Collected data
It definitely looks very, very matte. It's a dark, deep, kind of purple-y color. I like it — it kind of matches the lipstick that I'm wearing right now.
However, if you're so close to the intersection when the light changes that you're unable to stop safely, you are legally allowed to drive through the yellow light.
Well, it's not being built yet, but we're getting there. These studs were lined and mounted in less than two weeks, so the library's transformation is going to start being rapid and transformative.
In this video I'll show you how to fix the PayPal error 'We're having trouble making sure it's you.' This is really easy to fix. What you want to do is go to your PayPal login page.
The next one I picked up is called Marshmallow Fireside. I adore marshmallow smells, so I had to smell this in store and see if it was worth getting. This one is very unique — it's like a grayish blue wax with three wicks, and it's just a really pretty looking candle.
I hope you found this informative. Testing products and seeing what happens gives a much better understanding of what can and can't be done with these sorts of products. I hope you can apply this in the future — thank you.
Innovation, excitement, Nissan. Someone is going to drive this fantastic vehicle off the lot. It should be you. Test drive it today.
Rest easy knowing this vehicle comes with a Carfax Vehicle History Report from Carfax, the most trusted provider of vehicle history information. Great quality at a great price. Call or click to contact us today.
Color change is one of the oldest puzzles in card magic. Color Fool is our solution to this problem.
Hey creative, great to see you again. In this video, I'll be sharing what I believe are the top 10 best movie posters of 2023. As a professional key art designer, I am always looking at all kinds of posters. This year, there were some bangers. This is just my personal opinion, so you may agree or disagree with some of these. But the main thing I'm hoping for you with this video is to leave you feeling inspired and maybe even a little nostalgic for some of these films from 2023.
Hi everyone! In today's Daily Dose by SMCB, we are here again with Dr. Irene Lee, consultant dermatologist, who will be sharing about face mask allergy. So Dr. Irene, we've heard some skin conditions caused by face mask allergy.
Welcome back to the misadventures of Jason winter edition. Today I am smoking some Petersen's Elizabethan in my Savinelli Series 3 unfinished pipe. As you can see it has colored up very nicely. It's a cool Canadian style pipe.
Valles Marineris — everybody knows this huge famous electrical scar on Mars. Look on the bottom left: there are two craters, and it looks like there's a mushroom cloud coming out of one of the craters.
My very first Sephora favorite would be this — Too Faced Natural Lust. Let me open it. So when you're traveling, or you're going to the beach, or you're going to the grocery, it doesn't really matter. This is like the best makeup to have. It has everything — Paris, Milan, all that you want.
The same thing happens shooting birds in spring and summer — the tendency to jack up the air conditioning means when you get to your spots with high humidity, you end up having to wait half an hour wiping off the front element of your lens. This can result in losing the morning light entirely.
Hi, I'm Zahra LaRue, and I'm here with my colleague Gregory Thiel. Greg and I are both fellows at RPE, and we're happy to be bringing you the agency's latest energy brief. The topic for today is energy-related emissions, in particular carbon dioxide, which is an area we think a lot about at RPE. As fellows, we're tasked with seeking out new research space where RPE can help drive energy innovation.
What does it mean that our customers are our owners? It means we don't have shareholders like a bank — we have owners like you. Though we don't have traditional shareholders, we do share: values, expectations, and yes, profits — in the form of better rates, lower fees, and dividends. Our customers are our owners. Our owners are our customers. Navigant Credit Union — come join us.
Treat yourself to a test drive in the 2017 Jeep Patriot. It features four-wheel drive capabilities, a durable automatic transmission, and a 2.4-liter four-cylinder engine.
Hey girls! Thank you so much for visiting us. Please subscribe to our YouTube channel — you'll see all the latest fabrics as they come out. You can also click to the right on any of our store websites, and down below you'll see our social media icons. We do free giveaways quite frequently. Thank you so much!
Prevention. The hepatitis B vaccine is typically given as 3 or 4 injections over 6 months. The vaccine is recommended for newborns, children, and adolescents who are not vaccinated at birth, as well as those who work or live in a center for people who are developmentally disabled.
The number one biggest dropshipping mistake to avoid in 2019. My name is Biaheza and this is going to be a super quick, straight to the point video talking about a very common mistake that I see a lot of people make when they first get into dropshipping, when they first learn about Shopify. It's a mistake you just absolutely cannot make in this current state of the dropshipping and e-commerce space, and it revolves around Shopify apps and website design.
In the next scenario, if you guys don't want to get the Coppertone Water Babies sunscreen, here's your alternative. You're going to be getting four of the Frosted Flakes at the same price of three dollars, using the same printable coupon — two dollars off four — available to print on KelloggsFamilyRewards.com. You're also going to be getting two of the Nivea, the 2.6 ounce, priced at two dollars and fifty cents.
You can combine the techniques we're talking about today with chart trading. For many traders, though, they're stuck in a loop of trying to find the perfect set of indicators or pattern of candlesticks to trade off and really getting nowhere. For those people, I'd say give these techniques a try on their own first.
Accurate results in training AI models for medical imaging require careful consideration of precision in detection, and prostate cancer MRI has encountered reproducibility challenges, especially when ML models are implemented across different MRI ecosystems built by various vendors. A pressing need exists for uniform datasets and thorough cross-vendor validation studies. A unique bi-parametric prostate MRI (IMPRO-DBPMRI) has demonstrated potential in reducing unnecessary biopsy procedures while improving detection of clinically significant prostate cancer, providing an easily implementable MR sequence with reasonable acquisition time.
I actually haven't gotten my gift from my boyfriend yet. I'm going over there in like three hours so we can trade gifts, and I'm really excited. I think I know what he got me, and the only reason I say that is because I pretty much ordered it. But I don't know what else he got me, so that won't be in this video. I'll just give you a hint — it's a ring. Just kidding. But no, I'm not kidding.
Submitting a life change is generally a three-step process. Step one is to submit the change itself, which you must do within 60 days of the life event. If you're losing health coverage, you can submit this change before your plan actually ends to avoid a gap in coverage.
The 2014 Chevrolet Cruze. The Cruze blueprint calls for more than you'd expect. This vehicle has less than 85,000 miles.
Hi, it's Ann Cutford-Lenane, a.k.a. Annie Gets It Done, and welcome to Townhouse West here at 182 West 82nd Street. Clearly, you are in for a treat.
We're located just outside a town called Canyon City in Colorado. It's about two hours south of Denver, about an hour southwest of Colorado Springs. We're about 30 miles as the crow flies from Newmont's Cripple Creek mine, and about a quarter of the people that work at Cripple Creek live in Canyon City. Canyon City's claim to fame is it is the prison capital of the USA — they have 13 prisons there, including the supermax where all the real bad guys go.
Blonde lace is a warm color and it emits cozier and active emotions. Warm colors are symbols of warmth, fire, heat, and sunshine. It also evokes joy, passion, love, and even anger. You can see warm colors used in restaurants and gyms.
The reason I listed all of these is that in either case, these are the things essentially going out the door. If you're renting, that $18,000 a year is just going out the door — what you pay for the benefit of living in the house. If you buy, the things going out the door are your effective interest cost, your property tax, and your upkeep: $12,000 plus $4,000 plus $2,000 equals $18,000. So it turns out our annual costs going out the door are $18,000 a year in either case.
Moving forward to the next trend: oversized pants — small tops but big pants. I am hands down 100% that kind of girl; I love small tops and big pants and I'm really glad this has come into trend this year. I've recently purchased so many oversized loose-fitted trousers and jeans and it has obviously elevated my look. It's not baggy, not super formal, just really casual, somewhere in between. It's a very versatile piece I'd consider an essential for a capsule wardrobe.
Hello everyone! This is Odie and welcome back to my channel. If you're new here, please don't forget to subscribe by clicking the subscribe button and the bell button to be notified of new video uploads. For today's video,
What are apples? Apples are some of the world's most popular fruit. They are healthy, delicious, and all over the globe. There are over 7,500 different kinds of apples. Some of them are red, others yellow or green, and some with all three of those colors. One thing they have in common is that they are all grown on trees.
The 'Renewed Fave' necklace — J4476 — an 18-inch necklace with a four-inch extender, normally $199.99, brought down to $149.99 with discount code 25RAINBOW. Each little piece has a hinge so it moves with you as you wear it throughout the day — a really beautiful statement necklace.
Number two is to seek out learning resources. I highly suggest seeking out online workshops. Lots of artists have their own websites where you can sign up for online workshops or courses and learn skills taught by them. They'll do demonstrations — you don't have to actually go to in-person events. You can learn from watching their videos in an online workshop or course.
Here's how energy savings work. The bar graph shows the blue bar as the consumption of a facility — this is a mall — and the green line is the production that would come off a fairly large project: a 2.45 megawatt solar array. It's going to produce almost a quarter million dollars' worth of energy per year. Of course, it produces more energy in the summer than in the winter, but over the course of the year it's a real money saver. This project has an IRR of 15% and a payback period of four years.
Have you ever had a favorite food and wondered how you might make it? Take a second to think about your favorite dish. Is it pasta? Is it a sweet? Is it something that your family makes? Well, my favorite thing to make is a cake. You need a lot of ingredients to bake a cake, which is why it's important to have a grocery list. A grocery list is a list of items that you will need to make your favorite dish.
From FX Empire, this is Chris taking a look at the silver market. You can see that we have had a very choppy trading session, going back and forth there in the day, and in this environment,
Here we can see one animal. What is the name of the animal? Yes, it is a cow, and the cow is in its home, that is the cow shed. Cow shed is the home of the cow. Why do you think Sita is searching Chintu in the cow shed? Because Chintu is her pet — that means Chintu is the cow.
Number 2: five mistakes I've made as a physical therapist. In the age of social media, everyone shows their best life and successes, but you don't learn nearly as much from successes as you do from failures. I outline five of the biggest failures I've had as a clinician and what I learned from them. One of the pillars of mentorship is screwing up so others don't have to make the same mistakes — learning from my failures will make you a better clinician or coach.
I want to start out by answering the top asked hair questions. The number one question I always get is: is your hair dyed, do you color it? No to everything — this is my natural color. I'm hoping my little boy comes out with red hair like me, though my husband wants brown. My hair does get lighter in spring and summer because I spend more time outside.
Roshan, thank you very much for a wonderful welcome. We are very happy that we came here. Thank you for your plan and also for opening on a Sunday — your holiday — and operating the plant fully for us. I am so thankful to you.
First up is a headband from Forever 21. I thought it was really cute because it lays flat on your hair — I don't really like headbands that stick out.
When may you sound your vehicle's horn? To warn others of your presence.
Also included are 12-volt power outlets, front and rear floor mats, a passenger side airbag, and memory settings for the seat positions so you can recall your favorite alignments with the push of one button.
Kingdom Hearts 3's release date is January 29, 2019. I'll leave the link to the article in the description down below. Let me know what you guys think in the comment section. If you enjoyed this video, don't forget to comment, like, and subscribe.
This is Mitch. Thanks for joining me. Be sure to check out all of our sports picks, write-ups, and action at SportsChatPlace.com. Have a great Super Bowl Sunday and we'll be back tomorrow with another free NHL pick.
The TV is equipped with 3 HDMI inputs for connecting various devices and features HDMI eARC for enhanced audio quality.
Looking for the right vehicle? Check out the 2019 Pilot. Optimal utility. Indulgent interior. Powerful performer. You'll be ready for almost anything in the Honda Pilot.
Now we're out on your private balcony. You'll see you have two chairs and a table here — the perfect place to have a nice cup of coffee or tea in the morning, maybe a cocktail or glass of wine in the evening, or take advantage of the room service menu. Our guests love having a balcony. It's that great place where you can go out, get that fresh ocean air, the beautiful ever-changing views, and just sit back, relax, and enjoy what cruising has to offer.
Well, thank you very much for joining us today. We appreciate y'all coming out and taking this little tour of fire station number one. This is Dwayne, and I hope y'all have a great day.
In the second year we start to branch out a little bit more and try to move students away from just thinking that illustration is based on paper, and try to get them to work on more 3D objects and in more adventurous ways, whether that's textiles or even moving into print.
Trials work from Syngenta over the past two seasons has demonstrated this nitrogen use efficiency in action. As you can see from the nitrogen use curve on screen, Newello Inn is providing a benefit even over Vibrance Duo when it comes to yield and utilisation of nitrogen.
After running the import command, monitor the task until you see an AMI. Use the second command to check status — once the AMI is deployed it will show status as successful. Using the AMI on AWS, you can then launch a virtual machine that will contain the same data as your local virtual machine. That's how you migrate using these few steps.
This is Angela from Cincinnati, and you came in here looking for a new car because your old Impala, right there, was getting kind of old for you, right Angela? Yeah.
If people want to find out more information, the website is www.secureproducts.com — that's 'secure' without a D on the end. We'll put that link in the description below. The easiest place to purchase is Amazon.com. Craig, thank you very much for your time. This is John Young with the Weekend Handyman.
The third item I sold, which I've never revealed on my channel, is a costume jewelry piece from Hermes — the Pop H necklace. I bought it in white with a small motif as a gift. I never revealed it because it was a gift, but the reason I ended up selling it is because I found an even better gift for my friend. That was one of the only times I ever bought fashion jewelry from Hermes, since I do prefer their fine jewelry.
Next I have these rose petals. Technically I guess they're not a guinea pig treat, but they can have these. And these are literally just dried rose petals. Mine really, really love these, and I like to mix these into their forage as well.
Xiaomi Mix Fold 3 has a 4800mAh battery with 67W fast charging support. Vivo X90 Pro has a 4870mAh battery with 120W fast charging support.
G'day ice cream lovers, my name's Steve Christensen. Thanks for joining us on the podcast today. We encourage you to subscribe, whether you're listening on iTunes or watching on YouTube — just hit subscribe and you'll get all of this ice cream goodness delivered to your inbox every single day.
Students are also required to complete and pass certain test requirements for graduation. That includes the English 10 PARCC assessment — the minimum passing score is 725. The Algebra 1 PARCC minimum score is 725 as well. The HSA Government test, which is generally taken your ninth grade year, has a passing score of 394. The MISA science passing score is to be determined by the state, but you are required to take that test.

## WHAT THE EXERCISE ASKS
The lines to extract from the data above begin with the line containing "Also included are" and end with the line containing "Looking for the". Extract them exactly, including both.

## ANSWER TO THIS TASK
Also included are 12-volt power outlets, front and rear floor mats, a passenger side airbag, and memory settings for the seat positions so you can recall your favorite alignments with the push of one button.
Kingdom Hearts 3's release date is January 29, 2019. I'll leave the link to the article in the description down below. Let me know what you guys think in the comment section. If you enjoyed this video, don't forget to comment, like, and subscribe.
This is Mitch. Thanks for joining me. Be sure to check out all of our sports picks, write-ups, and action at SportsChatPlace.com. Have a great Super Bowl Sunday and we'll be back tomorrow with another free NHL pick.
The TV is equipped with 3 HDMI inputs for connecting various devices and features HDMI eARC for enhanced audio quality.
Looking for the right vehicle? Check out the 2019 Pilot. Optimal utility. Indulgent interior. Powerful performer. You'll be ready for almost anything in the Honda Pilot.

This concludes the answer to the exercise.